_ACTIVITY_
The entries below contain a line with "TOM TAILOR Khaki" and a line with "V-neck Short sleeve". Quote exactly those two lines and all lines between them.

_INPUT_
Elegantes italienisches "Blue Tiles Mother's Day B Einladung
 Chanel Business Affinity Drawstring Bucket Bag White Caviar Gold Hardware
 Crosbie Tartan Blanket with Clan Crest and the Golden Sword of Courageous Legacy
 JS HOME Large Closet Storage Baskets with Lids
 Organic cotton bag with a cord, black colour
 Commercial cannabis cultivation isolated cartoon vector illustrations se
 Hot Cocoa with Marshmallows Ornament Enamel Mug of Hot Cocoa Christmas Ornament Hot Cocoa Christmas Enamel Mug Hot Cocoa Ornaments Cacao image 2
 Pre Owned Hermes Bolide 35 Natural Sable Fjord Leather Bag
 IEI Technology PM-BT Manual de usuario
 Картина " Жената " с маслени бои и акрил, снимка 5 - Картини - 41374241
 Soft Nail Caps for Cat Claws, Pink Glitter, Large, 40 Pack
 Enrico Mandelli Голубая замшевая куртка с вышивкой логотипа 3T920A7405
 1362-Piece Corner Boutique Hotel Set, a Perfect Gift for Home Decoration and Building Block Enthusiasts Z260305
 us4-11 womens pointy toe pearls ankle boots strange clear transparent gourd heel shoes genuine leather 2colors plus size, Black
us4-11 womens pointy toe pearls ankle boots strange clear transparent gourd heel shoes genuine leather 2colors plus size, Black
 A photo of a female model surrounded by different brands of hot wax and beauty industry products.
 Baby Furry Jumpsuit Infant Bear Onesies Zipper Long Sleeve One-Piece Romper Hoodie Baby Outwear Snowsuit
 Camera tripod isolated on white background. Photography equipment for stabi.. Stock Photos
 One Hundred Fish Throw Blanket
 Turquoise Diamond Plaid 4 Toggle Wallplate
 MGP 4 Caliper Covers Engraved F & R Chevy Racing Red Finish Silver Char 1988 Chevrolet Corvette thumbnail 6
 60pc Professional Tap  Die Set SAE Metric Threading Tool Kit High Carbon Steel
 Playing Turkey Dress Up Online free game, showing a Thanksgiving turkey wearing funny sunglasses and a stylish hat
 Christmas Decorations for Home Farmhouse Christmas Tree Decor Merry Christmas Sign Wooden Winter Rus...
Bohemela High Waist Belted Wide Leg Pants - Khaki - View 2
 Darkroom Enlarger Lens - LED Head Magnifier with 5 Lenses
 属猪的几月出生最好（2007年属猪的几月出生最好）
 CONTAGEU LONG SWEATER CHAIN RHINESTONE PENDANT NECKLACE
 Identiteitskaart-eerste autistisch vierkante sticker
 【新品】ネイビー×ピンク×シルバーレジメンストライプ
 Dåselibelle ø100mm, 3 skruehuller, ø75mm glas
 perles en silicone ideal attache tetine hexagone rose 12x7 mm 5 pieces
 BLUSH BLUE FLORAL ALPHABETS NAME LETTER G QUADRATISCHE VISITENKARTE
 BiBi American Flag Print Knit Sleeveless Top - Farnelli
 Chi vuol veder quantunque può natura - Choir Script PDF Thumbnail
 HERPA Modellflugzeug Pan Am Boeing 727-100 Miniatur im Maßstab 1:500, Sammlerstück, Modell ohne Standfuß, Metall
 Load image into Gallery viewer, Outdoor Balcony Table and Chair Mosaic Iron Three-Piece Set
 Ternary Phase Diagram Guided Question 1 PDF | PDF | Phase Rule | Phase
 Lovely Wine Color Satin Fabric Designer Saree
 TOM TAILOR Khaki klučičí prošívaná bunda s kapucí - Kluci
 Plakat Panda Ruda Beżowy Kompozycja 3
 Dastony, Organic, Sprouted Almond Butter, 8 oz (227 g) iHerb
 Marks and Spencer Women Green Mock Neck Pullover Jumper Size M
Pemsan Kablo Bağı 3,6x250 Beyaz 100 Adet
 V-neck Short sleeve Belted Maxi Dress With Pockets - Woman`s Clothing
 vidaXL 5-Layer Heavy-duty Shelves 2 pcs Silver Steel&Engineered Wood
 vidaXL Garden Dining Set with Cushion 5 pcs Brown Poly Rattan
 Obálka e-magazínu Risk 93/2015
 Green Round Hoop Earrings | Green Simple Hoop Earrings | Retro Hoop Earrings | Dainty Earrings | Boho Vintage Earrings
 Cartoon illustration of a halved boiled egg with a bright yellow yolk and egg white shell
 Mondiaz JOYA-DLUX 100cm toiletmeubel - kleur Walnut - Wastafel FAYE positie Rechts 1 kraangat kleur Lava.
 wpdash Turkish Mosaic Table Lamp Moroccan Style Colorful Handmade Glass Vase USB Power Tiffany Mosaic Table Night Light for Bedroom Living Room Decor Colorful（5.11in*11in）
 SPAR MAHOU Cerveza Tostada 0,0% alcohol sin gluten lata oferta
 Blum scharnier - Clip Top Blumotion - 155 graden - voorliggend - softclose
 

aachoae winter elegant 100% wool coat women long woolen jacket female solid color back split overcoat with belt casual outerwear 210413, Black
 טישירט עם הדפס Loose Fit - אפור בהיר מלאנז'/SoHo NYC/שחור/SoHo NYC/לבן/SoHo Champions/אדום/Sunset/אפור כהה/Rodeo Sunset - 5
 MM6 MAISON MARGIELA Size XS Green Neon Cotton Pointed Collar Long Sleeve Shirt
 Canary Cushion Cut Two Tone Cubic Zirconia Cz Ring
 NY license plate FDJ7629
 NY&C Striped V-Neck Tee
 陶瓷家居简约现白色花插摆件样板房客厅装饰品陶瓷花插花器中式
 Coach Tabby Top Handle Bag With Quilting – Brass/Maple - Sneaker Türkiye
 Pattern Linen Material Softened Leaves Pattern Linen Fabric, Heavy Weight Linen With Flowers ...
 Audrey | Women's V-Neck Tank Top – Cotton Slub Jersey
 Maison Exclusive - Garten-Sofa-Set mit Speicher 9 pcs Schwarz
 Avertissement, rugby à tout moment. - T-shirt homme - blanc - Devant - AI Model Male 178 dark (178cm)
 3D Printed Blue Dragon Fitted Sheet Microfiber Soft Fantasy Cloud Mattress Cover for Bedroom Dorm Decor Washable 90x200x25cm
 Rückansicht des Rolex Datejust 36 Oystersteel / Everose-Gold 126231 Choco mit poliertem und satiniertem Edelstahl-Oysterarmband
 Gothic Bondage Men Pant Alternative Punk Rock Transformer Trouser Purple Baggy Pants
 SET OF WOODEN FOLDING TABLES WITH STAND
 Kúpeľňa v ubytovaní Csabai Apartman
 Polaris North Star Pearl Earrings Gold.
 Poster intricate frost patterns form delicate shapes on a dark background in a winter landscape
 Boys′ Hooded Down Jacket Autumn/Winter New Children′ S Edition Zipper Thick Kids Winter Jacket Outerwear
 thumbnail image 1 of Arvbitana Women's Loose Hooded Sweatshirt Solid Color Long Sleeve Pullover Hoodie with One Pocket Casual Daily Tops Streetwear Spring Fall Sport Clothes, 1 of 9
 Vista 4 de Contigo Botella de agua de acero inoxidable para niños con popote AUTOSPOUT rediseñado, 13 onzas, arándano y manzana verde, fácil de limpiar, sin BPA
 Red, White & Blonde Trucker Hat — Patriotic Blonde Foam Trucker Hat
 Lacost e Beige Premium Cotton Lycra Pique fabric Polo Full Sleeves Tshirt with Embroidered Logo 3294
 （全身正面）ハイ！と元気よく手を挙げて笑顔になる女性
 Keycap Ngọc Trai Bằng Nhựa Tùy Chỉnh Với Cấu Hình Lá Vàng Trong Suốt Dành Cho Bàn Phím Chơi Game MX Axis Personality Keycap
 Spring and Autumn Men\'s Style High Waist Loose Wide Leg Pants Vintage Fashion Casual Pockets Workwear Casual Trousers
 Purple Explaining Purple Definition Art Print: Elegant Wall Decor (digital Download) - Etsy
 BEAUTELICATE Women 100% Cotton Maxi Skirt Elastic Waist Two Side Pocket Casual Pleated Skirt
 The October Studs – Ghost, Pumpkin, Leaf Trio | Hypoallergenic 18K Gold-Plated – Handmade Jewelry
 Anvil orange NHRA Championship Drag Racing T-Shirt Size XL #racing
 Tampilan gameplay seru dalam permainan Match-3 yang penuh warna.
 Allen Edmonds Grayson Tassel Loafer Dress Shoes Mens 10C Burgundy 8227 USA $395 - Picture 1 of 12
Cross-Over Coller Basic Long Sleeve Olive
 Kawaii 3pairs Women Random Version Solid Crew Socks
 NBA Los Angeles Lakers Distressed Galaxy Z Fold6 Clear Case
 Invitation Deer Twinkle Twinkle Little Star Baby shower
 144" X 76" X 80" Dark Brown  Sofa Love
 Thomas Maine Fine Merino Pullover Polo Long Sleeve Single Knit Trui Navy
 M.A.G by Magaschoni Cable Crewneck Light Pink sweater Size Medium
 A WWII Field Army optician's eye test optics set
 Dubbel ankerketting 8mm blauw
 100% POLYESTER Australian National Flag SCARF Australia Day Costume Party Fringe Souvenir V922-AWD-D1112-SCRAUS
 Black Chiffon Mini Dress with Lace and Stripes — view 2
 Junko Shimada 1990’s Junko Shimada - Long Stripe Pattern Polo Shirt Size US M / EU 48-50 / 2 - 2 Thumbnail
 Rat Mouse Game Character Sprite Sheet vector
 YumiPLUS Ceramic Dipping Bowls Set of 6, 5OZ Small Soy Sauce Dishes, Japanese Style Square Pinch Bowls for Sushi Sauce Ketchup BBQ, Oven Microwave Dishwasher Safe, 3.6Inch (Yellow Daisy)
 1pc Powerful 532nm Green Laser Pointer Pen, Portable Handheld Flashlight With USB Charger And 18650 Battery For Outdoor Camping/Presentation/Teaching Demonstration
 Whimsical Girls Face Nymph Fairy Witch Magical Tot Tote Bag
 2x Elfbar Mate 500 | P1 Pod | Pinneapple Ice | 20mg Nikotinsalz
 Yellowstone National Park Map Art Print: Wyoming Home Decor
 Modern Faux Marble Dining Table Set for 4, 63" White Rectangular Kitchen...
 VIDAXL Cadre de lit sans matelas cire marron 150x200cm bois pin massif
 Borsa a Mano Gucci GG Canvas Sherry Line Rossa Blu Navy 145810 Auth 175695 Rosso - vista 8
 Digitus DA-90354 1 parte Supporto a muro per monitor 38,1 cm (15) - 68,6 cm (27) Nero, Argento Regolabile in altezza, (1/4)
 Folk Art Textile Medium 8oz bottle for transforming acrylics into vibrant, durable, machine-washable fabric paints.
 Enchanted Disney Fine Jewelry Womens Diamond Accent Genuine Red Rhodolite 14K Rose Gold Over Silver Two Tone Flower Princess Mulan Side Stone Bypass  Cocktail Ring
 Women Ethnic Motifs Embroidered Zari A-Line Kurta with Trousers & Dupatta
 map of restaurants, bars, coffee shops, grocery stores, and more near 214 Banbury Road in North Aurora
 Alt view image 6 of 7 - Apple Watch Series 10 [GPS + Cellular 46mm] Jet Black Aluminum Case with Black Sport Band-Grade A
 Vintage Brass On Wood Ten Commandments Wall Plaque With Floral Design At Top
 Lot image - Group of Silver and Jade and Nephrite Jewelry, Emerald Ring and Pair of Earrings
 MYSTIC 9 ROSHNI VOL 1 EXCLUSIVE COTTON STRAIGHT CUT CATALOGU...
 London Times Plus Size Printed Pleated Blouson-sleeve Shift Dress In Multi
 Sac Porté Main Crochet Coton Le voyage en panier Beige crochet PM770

_WRITTEN SOLUTION_
 TOM TAILOR Khaki klučičí prošívaná bunda s kapucí - Kluci
 Plakat Panda Ruda Beżowy Kompozycja 3
 Dastony, Organic, Sprouted Almond Butter, 8 oz (227 g) iHerb
 Marks and Spencer Women Green Mock Neck Pullover Jumper Size M
Pemsan Kablo Bağı 3,6x250 Beyaz 100 Adet
 V-neck Short sleeve Belted Maxi Dress With Pockets - Woman`s Clothing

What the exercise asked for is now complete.